A new class of therapies known as “Digital Therapeutics” is predicting and transforming measurable outcomes for the future of medical care. It is reshaping the structure and management of treatments for a complete set of chronic diseases that adhere to medical interventions driven by software and delivered by medical devices, service, and medication, while collecting, analyzing, and applying real-world evidence and product performance data.
Digital Therapeutics, a subset of digital health, is evidence-based therapeutic interventions driven by high-quality software systems that prevent, manage, and treat a medical disorder or disease. Digital Therapeutics often employs strategies rooted in cognitive behavioral therapy.
Digital Therapeutics harness technology to supplement or potentially replace traditional clinical therapy. Various devices complement traditional treatment by helping patients manage their condition. From my experience, Digital Therapeutics tend to fall into a variety of groups, Cognitive-Behavior Therapies (CBT) that help patients change behaviors and develop coping strategies around their condition, target lifestyle issues and or a combination with existing medication or treatments, helping patients manage their therapies and focus on ensuring the therapy delivers the best outcomes possible.
One of the areas that I find most interesting is that Digital Therapeutics will augment drugs by wrap-around services and data analytics to improve overall patient outcomes.

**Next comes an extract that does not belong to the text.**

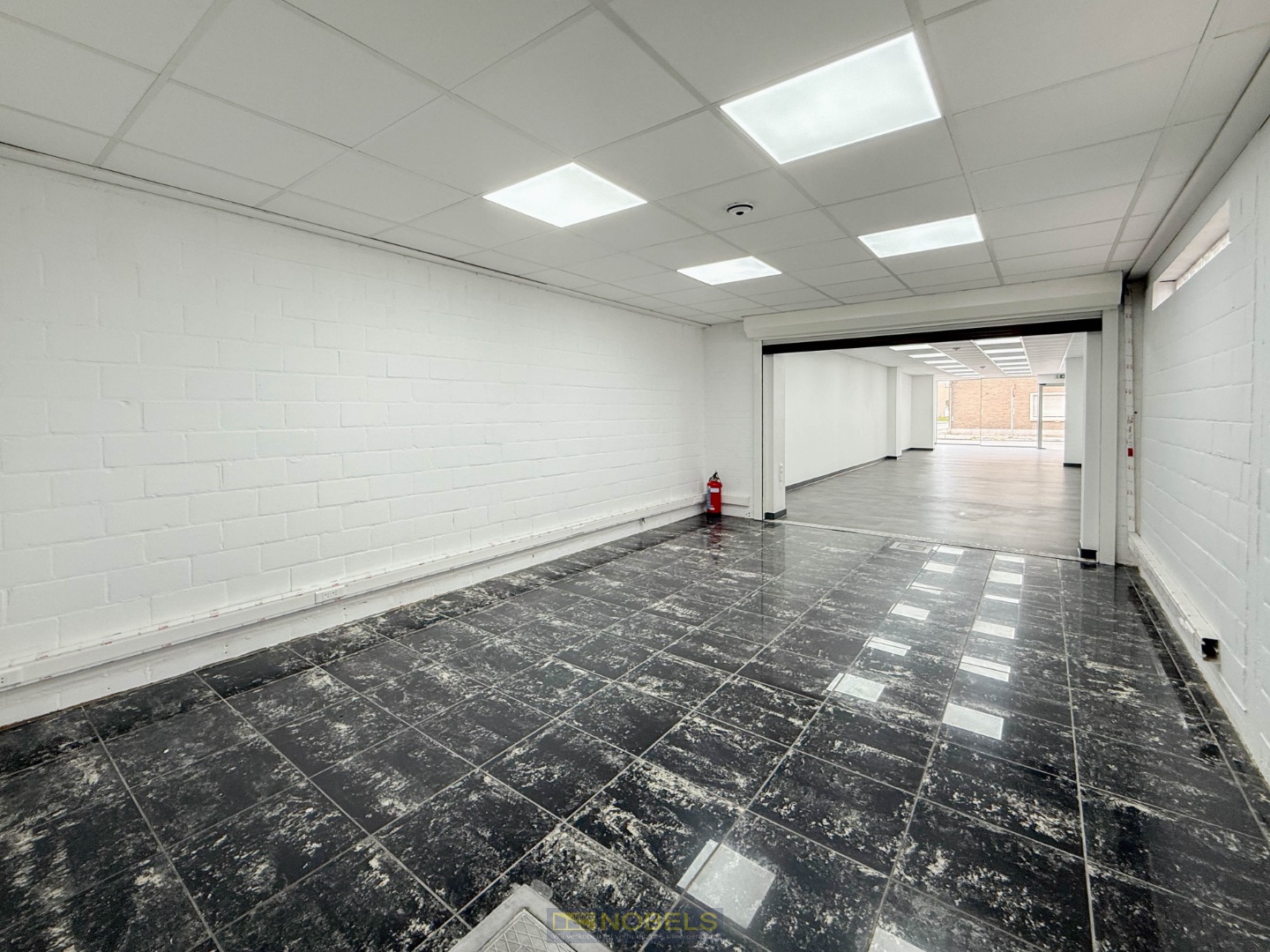 Te koop, lichtrijke handelsruimte met woonst en toegang achteraan te Oudenaarde - foto 5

I have found that Digital Therapeutics value is to target conditions that are poorly addressed by the healthcare system of today, such as chronic diseases or neurological disorders. In addition, the delivery of Therapeutic Treatments reduces the demands on clinicians’ time. The treatments frequently require a prescription and can target prevention or management of a range of conditions, often chronic diseases, while collecting emerging real-world evidence that demonstrate their value in clinical terms.
Today’s remote advanced technologies have provided many opportunities for healthcare organizations to enhance the overall care experience, improve the health of populations and reduce per capita healthcare costs, globally.
As a result, I have seen a reduction in the readmissions among congestive heart failure (CHF) patients in a remote-patient monitoring (RPM) where programmes drooped to 12%-14%, compared to 20%-22% for a non-RPM cohort of CHF patients.
I believe that there are many valuable opportunities for Digital Therapeutics to address the challenging health conditions from around the world. Defined standards of safety and efficacy; will evolve through the collaboration among digital innovators and payors, providers, and pharmaceutical companies; while facilitating a swifter regulatory approval enabling a meaningful solution for modern medicine.